Note to the “marketing” department at Ruger:  restart production of this little beauty ASAP, you bastards, or hell will follow.

9 comments

  1. I think there are so many factors here…

    – Ruger is an awesome company. They make high quality products at reasonable prices. And if you have any issues – they are great about getting your product fixed or replaced, quickly!
    I’ve had excellent luck with their customer service. I think Ruger Revolvers are the best. GP100 is so awesome! And the Single Six Convertible is the ultimate plinker.

    – when Ruger acquired Marlin, they had to see what they wanted to build. I’m thinking the fact that Ruger builds and sells a shit load of 10 22’s – and also the fact that the workers are trained to crank them out in bulk – Ruger probably said – Skip the Marlin 60 for now

    Another factor is the shortage of raw materials thanks to The stupid asses we have running Aka Ruining our country now.

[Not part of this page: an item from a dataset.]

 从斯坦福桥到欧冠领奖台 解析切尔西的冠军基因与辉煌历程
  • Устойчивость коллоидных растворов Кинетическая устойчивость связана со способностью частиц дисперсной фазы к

Ruger wants to build as much as they can and they are already tooled up for 10 22s so they might focus on getting the raw materials for that.

    The 10 22 is my favorite rifle. Easy and cheap to operate. But there is something to be said for tube fed old school rifles.

    There are plenty of used Marlins to collect. However yes , it would be nice to have the Marlin 60 make a comeback. Hopefully if it does the price is fair.

    Also – what about the 39A ? Lever action 22… maybe that can be resurrected as well.

  2. Yup, full agreement. And Remington should bring back the Nylon 66. In general, every single company out there, instead of releasing yet another plastic fantastic 9 mm or yet another mildly different variant of the AR rifle, should instead take a look at it’s history and start up a line of their classics at a reasonable price. And for God’s sake, S&W, take that damn hole out of your line of classic revolvers. And get off my lawn. Damn kids.

  3. CoffeeMan and Don make excellent points above.

    I think Ruger pushed the Marlin Model 60 to the back burner because they already have a very competitive .22lr rifle in the market and in production. Would adding another semi auto .22lr rifle help or hinder their sales? The 10/22 is already in a good position for price and reputation.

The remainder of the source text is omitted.